"The Customer is King." - Unknown
I am going to take the opportunity in this post to discuss the process of shopping for a wedding dress at a very well-known (and sometimes well-loved) bridal shop located throughout the United States - let's call it Dan's Bridal. Before you read any further, you should know that I am shamefacedly using my blog as a public forum for a certain amount of lambasting (and sarcasm), so if you really love Dan's Bridal, you should stop reading now!!!
Last Wednesday, my mother and I started our wedding dress search at Dan's. At first, everything went pretty well. They had the dresses I had marked as my favorites on-line in my size. We grabbed a stack of dresses and headed for the dressing room.
The first thing that bothered me was the corset that the woman gave me to use while trying on the dresses.
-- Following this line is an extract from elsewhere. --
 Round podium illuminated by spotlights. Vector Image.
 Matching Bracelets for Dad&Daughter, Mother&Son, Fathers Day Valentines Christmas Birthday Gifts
Call me crazy, but on one of the most important days of my life, being able to breathe is one of the top five criteria I have for it being enjoyable. However, at this point in the day's excursion, I didn't realize that there were other options, which are much more palatable and kind to the bride. Anyway, after putting on said corset, it was discovered that the corset is not enough. A bride must also wear this. (I should probably take a moment here to say that less is more in my estimation. I do not wish to look like this on my wedding day, but neither do I wish to look like this.)
I played along with the petticoat for awhile. Eventually, however, my mom and I decided to try a few of the dresses without the petticoat. This is when the trouble started with our *wonderful* saleswoman, Anette. Anette is a passive agressive woman, whom we quickly learned likes to mutter things under her breath when you don't meet with her approval. At this point, she started muttering about how her boss wouldn't like it if she saw me in a dress without the petticoat. My mom and I decided to ignore her on this one, and this alone would not have annoyed me much. Sure, Anette was trying to sell us an extra item, but that's what salespeople do, right?
The next extra item Anette tried to push on me was a veil to wear in front of my face, in addition to the one I want to wear hanging down in the back. This is something I'm sure I do not want. Could Anette let it go? No, she started discussing how devastated my father would be if he couldn't lift up my veil, because that's the most important part of the wedding for the father. For the record, I have since queried my dad about this, and he did say he would be quite devastated if I don't have the front veil. He then went into a corner and cried, but that's pretty normal for him around Christmas time.
Anyway, this was annoying, but not yet thoroughly frustrating.
Somewhere along the way, Anette had started bringing me more expensive gowns (again, the savvy saleswoman). The first ones ranged between $300-$600. The later ones had prices around $900-$1000. The dresses were indeed very beautiful, but we had just started looking for dresses, and wanted to look around at some other shops.
This is when Anette pulled out the big guns. There was one particular dress that was $1000, but could be purchased that day for $700. Although it was beautiful, and my favorite, it was still quite expensive, and we told Anette that we were not yet ready to buy a dress that day. In response, Anette muttered to herself.
"Pardon me?" I asked. Anette said it was nothing, but then proceeded to tell us, "If I had known you weren't going to buy a dress today, you could have only seen three dresses, so that we could serve other clients." This attitude was disconcerting to both me and my mother. How are you supposed to know what you eventually want if you don't try on many different things? Additionally, other stores did not impose any such arbitrary rule (perhaps it was Anette's Rule), and other soon-to-be-brides were trying on stacks of dresses the way we were. So, instead of taking the bait and buying the dress, or apologizing for the nerve of wanting to try on several expensive items before making a choice, I made sure to tell her that it was a pleasure to meet her as my mom and I made our way out the door.
Suffice it to say, my overall impression of Anette was not positive, but neither was my impression of Dan's Bridal. There must be immense pressure for Anette to earn commission to encourage that type of "customer service," and that type of attitude does not facilitate a comfortable shopping environment for such an important (and expensive) piece of clothing. My mom and I ended up going to a locally-owned bridal shop that not only had excellent customer service, but also had better quality goods for lower prices. I now have the perfect gown*, but it would have been so much nicer to have bypassed Dan's in the first place.
"If we don't take care of our customers, someone else will." - Unknown
*Don't worry, Drek, this is not the actual dress.